Crawled caption data
● ● ●
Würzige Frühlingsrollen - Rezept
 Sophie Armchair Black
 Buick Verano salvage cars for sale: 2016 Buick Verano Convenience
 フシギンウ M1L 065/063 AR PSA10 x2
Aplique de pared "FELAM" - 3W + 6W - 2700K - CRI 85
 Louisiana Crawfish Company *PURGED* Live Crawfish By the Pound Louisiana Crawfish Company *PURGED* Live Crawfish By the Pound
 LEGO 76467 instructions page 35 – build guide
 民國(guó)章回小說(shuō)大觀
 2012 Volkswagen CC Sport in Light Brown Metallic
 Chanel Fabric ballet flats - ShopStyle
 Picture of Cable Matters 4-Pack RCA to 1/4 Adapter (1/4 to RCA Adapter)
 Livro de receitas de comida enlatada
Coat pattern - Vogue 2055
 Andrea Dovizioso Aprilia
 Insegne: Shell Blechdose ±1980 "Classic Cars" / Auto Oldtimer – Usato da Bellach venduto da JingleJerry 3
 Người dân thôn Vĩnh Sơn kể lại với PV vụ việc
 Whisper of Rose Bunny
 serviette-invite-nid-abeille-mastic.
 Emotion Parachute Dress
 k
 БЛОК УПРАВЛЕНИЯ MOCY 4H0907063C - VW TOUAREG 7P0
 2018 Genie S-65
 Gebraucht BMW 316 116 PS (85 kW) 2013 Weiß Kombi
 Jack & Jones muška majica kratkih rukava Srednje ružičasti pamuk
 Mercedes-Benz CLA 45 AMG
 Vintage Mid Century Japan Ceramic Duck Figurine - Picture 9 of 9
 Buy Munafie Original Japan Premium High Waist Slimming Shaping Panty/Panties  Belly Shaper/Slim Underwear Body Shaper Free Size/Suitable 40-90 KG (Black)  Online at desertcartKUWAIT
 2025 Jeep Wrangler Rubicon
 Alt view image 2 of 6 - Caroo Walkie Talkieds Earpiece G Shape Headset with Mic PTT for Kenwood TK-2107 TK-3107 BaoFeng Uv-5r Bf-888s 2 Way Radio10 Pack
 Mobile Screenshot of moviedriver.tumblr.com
● ● ●
What needs to be done:
Within the data above, the lines from the one with "Insegne: Shell Blechdose" to the one with "Mercedes-Benz CLA 45 AMG" must be repeated exactly; no other line belongs in the answer.

Exercise result:
 Insegne: Shell Blechdose ±1980 "Classic Cars" / Auto Oldtimer – Usato da Bellach venduto da JingleJerry 3
 Người dân thôn Vĩnh Sơn kể lại với PV vụ việc
 Whisper of Rose Bunny
 serviette-invite-nid-abeille-mastic.
 Emotion Parachute Dress
 k
 БЛОК УПРАВЛЕНИЯ MOCY 4H0907063C - VW TOUAREG 7P0
 2018 Genie S-65
 Gebraucht BMW 316 116 PS (85 kW) 2013 Weiß Kombi
 Jack & Jones muška majica kratkih rukava Srednje ružičasti pamuk
 Mercedes-Benz CLA 45 AMG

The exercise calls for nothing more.